◆ EXERCISE REQUIREMENTS ◆
Repeat the span of the entries below that starts at the line with "Celine Drummed Calfskin" and ends at the line with "SEAAV Damen vegan", nothing more. Skip the pictures.
** Opening DATA LISTING block **
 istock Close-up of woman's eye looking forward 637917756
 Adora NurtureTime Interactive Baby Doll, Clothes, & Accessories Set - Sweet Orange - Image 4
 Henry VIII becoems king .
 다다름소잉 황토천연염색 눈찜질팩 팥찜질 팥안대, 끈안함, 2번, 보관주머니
** Closing DATA LISTING block **
** Opening DATA LISTING block **
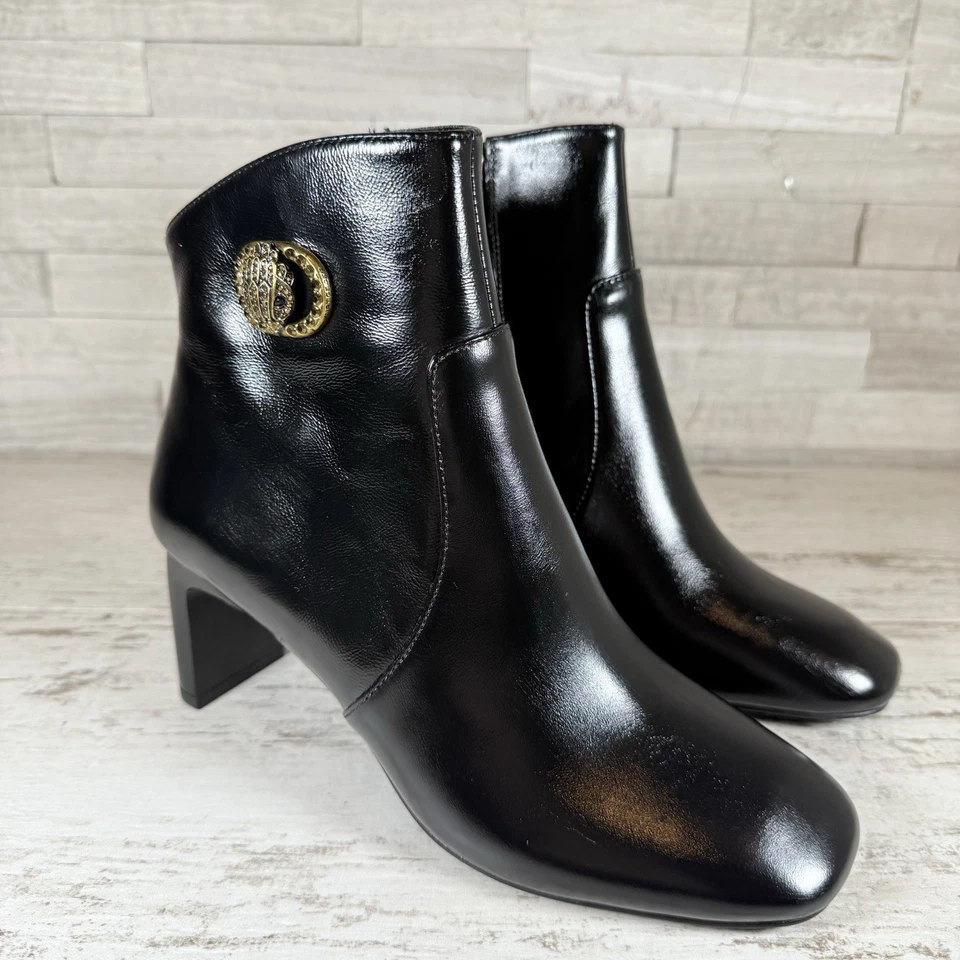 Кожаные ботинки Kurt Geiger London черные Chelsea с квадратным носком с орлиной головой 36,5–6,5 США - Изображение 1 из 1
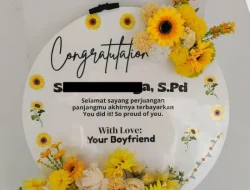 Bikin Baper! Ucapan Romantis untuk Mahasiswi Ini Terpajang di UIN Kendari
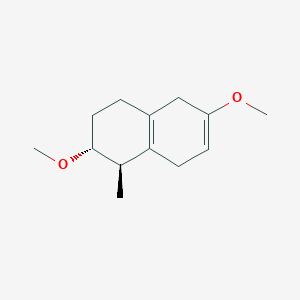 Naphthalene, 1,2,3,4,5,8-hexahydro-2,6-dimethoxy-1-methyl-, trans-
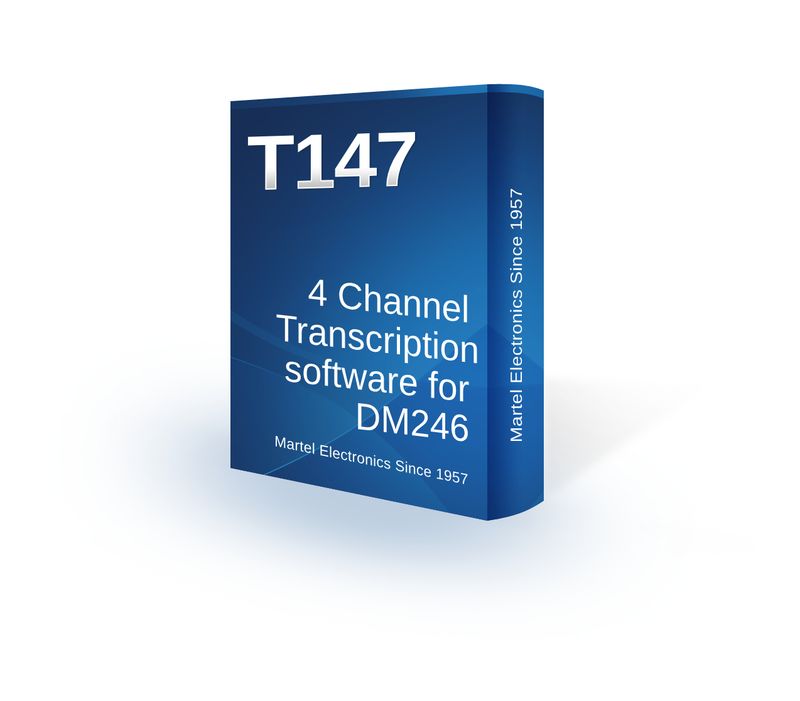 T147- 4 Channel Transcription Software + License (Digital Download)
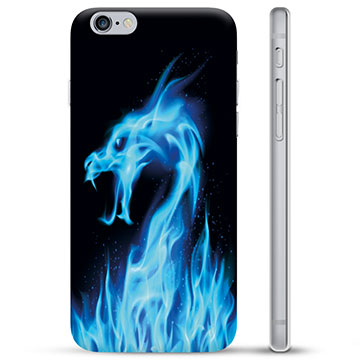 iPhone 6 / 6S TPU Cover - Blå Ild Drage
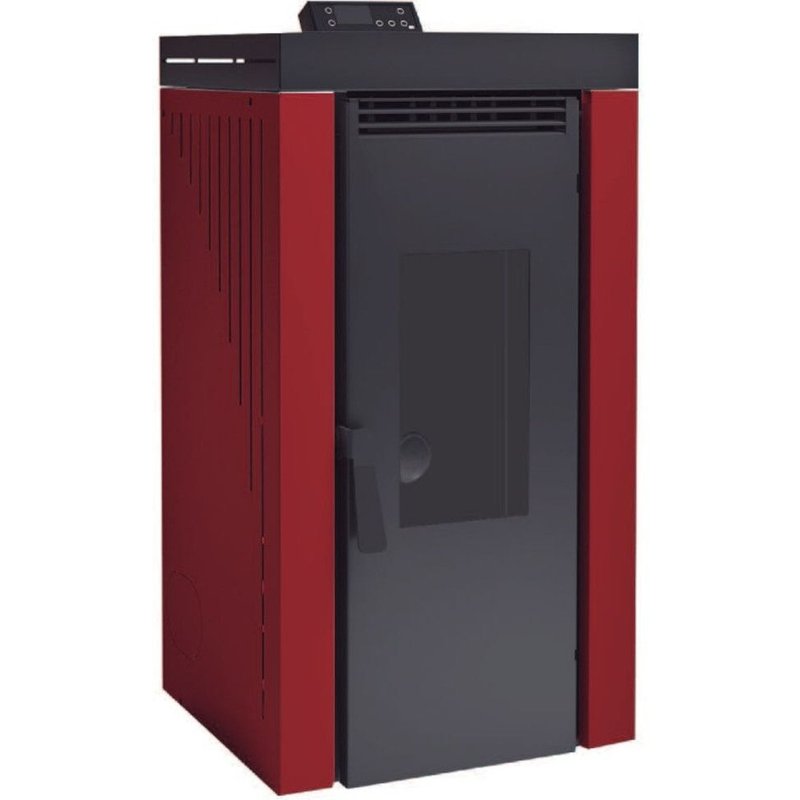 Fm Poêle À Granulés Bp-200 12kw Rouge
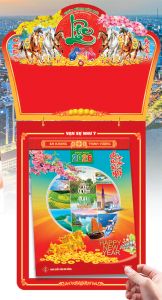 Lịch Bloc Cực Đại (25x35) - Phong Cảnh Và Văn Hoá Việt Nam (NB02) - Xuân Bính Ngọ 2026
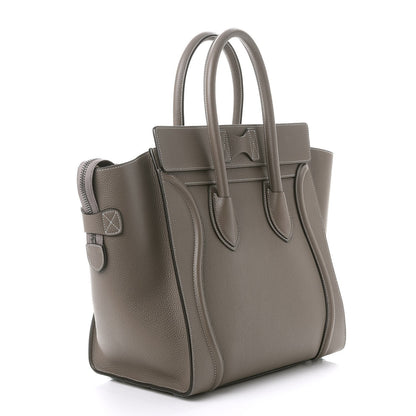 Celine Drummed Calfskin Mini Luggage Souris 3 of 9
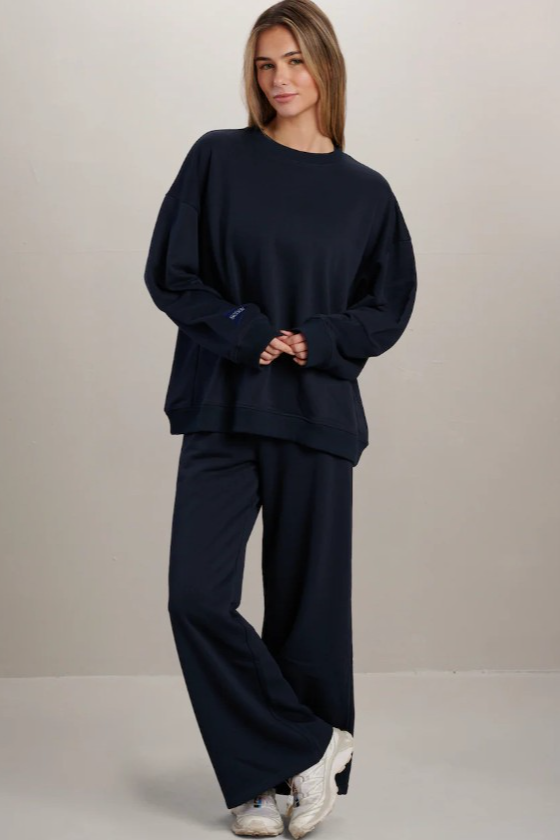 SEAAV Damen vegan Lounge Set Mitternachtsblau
** Closing DATA LISTING block **
** Opening DATA LISTING block **
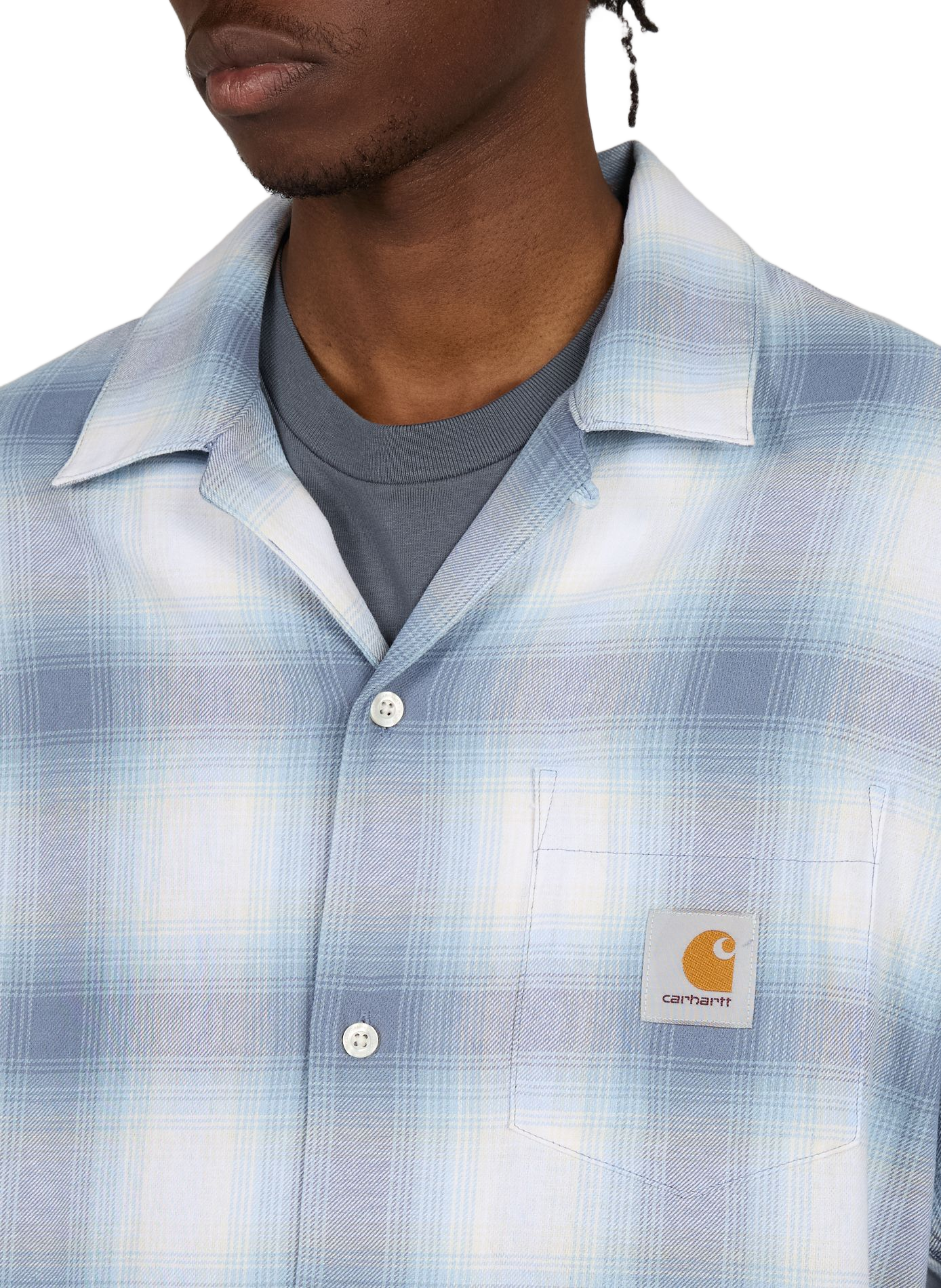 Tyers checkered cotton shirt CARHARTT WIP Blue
** Closing DATA LISTING block **
◆ EXERCISE OUTPUT ◆
 Celine Drummed Calfskin Mini Luggage Souris 3 of 9
 SEAAV Damen vegan Lounge Set Mitternachtsblau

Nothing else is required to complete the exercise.